The other that says:

    note: cadance: thesis_noticings: "Something I really disagree with and want to comment on or respond to in my next article on dance": I really disagree with this for reason, reason and reason.

These will show up in my literature review map as two separate annotations, with different actions attached to them.

Use auto-completion software to make this less painful

I use Switfkey for all my annotation on my Android tablet (where I do most of it). This greatly reduces the time required to type in repetitive tags or keywords that I use all the time to enhance my annotations (see the next section). It also offers auto-complete suggestions so I can remember more complex project keywords / tags easily.
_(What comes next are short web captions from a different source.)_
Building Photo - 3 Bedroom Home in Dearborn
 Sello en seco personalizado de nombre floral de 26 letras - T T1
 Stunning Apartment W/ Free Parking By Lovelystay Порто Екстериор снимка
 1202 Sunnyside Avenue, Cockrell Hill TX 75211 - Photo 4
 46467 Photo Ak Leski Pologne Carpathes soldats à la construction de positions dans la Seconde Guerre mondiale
That’s the general advice bit. Geeky advice follows in part II.

So far, this guide has given you some pretty generic advice about note taking, you could use it in any piece of software. The Docear-specific pay-off for this process comes when you import your PDFs into Docear. However, that bit gets pretty geeky. You’ll need to be comfortable with scripting, modifying workflows of existing software packages, and generally be unperturbed by geeky terminology.

If this isn’t your thing, you can just use Docear with the above strategies – or use them more generally in your literature reviewing.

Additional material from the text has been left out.